И умиротворенные дачники двинулись за ней, аккуратно расступаясь, уклоняясь, отводя тело в сторону – лишь бы не задеть Катю, не дотронуться. Точно она была прокаженной, недостойной багрового Натальиного клейма, которое всех делало спокойными и счастливыми.
– Сволочи! – закричала Катя им вслед.
И то ли ей почудилось, то ли в самом деле волна иссушающего жара вырвалась из ее груди вместе с криком. И все вокруг снова слилось в разноцветное месиво. Плавились, стекали на землю тягучими каплями цветы, деревья, заборы, дома… Ноги прилипали к размягчившемуся асфальту, по нему ползли трещины, а в сердцевине этих трещин тлело багровое, раскаленное. Катя посмотрела на свои руки и увидела, как дрожит прозрачное горячее марево вокруг растопыренных пальцев. Вот что, наверное, разглядел Ромочка, когда сказал, что она горит…
Домой, – мысли с трудом ворочались в голове, горячие и тяжелые, – надо идти домой. Там колонка с водой, прямо у калитки. Вода холодная, пахнет железом и плесенью… И еще там родная старая дача, в которой можно затаиться, как всегда, спрятаться, переждать. Может, ничего и нет. Может, просто бред, безумное Серафимино наследство, или галлюцинации от сотрясения, которым пугал ее Гена.
А к полудню начали возвращаться остальные. Те, кого во Вьюрках считали бесследно сгинувшими: в лесу, на поле, в реке.
Первыми явились Витек и тетя Женя – бодрые, с ясными веселыми глазами. Только вернулись, как и уходили – в чем мать родила. Витек, поддерживая супругу под локоть, распахнул перед ней калитку. Скрипнули заржавевшие петли, и Витек, ни слова не говоря, ушел в дом. Вернулся уже одетый и с масленкой, смазал петли, пока тетя Женя тоже ходила одеваться. И вскоре на участке закипела работа. Витек и тетя Женя приводили свои владения в порядок – споро, ловко, в четыре руки. Только метлы да грабли мелькали.
Вернулись бероевские мальчики – они вышли из реки там, где был когда-то вьюрковский пляж, стряхнули с себя водоросли, выжали одежду. А вслед за ними Сушка отдала и луноликую Наргиз. Наргиз проверила, все ли пуговицы застегнуты у ее подопечных, пригладила их мокрые волосы, вынула у старшего пиявку из уха, оглядела обоих с любовной гордостью и повела домой.

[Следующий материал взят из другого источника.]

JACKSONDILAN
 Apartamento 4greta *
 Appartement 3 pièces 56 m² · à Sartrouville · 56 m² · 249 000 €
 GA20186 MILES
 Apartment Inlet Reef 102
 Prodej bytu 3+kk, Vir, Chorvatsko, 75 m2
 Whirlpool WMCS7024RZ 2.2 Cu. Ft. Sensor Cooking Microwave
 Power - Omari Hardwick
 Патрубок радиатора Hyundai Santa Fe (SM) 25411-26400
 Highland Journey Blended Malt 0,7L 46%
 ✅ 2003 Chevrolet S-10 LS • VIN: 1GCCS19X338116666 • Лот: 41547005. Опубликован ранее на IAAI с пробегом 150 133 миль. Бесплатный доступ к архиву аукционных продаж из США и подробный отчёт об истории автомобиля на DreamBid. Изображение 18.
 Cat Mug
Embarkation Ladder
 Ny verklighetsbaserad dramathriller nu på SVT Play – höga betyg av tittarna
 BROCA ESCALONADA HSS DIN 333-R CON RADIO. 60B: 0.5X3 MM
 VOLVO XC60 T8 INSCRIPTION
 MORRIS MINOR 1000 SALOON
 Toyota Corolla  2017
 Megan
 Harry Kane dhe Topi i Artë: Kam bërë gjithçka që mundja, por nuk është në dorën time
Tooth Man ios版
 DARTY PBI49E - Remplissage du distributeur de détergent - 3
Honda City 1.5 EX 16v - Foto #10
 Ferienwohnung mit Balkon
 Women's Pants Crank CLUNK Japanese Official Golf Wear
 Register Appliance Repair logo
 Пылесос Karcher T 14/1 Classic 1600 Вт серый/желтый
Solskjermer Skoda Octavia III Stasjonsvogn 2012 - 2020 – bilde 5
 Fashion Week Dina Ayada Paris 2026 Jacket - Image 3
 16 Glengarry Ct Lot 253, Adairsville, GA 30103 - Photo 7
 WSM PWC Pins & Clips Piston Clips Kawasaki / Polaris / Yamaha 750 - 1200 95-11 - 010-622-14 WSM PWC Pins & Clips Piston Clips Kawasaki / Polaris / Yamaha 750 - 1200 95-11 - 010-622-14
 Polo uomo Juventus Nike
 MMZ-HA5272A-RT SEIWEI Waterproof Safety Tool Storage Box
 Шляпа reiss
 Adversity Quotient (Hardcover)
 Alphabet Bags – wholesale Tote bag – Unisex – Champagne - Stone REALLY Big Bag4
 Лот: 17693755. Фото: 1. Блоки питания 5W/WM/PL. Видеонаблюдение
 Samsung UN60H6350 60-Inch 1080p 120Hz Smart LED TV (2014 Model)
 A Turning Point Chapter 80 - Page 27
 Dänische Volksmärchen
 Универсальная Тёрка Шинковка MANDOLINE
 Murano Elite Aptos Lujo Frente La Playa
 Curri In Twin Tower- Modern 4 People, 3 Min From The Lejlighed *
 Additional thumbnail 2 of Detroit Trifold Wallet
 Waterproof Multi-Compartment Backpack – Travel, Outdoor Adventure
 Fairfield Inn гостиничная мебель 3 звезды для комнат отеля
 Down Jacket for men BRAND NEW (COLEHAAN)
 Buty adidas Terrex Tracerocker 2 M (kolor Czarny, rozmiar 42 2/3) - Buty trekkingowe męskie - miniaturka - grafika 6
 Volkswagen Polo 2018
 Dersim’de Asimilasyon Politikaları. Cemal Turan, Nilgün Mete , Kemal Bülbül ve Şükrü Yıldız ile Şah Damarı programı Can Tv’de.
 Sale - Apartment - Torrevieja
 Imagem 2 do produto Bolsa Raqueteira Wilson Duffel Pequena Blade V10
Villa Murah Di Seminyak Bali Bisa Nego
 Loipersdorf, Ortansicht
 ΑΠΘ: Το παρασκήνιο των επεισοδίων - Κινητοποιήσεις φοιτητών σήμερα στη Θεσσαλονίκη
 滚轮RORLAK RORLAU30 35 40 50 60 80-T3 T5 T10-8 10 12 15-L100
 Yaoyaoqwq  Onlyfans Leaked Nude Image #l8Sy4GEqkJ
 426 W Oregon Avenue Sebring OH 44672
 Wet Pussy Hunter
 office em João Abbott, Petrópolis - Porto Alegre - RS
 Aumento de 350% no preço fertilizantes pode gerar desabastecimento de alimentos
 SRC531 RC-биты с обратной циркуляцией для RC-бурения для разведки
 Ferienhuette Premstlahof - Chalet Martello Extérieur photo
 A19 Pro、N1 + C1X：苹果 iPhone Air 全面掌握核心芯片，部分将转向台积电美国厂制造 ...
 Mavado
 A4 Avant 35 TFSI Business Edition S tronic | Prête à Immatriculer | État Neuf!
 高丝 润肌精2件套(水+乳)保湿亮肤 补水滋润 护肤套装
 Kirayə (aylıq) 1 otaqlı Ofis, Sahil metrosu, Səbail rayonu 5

Пришла из леса Татьяна, Ромочкина мама. Ни следа не осталось от ее прежней угрюмой нервозности, внутренней какой-то душевной растрепанности. Разве что волосы по-прежнему топорщились серыми «петухами» из-под сбившегося платка. Сам Ромочка так и не нашелся, но это Татьяну, похоже, совершенно не волновало. Засучив рукава своей полосатой «выходной» кофты, она принялась косить траву, подметать дорожки, сгребать в кучи гнилые яблоки, вытряхнула и развесила на перилах крыльца половики.